A grandmother, mother and terminally ill daughter each have their own course to chart across the stormy waters of their relationships - with each other, with past friends and with long-dead relatives. Washed up in a B&B, these co-dependent women find their safe haven occupied by three men of roughly matching ages. It is clear that the six are on a journey, dragged back by their pasts, uncertain of the future beckoning them forward, their lives tangentially tangled perhaps, but perhaps not.
As the same scene is played three times, this theme-and-variations takes on a rhythm of its own. Perspectives alter, new dimensions emerge, strands of story overlap and then take divertingly quirky turns. McLean has a lucid way with words, adroitly interweaving richness and humour in language that straddles punchy rawness and gentle poetry.
An exploration of the leaving of loved ones and isolation of those left behind could be chokingly sentimental, but McLean avoids that, focusing instead on the living, like the Aboriginal "shimmer" paintings in which grief is transformed into a celebration of past lives.
The dialogue as well as the stage is awash with metaphors that sometimes threaten to drown these six characters in search of dry land. The men add their own intriguing twists and fishy tales. There's unexpected pathos in their fragmented accounts of experiences come and gone, poignant reflections on what has or might have been. But instead of flowing smoothly and moving on, as McLean is trying to get her characters to do, the story gets stuck at times, reiterating instead of developing, with the result that we, and occasionally they, flounder.
In Una McLean's portrayal of the eldest woman, Hen, there's a feisty sparkle and grit that keeps things buoyant. It's easy to see how she riles her daughter, the quizzical Missy (Hilary Lyon), the middle layer of this generational sandwich, in whom you sense quiet despair turning to the optimism at the heart of Shimmer.
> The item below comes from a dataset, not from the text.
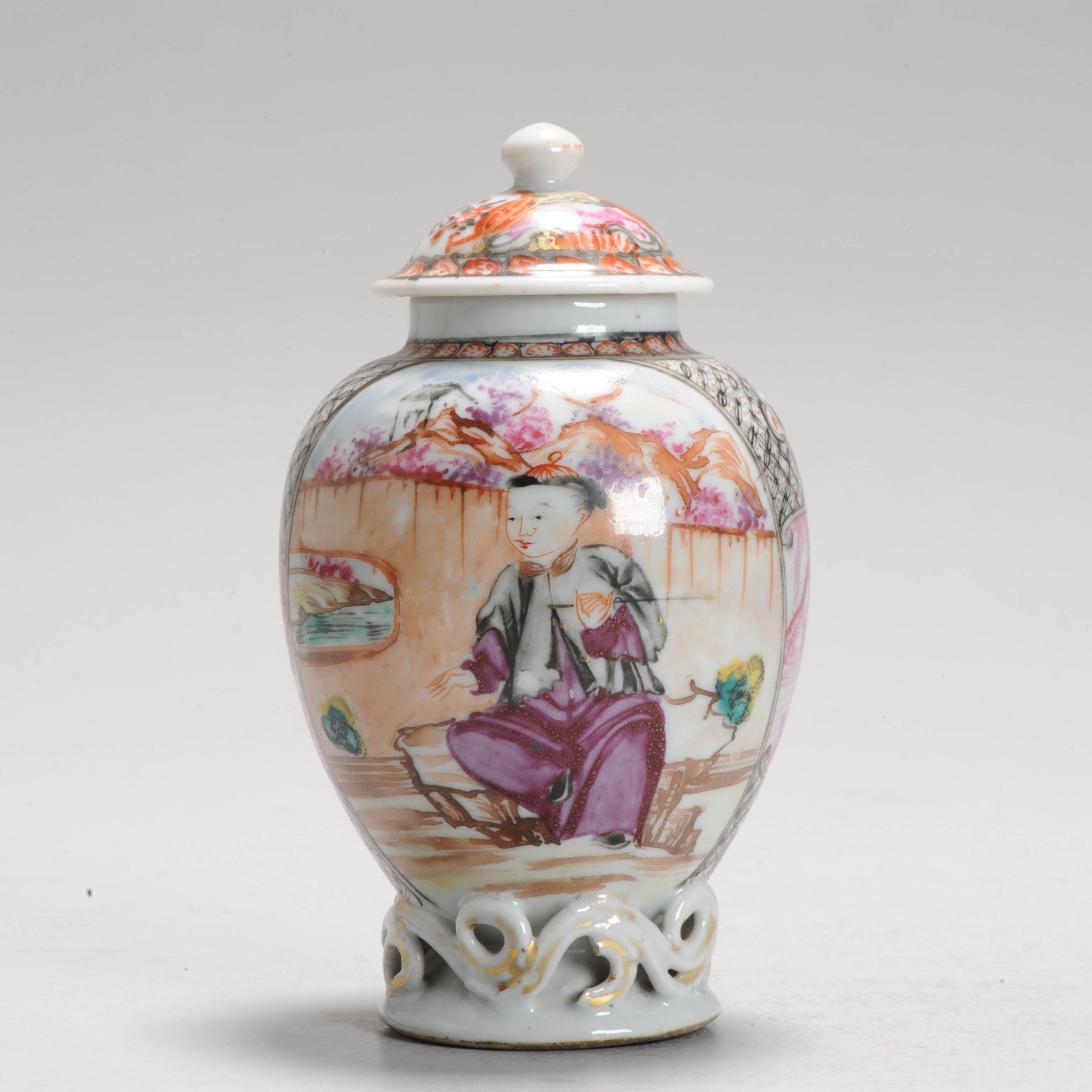 Antique 18C Chinese Porcelain MANDARIN Tea Caddy Chine de Commande Qianlong - Image 13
Lesley Hart is the afflicted Petal, whose desperation to let go of life is as urgent as her need to answer the call of nature. In Lynne Parker's fluid staging, the very moment at which Petal is finally able to loosen the ties keeping her unwillingly earthbound slips gracefully past like (at best) death itself - the final dance, which, while not exactly Dancing at Lughnasa, is touchingly life-affirming in a play in which so many fragile and ghost-ridden reminiscences float to the surface.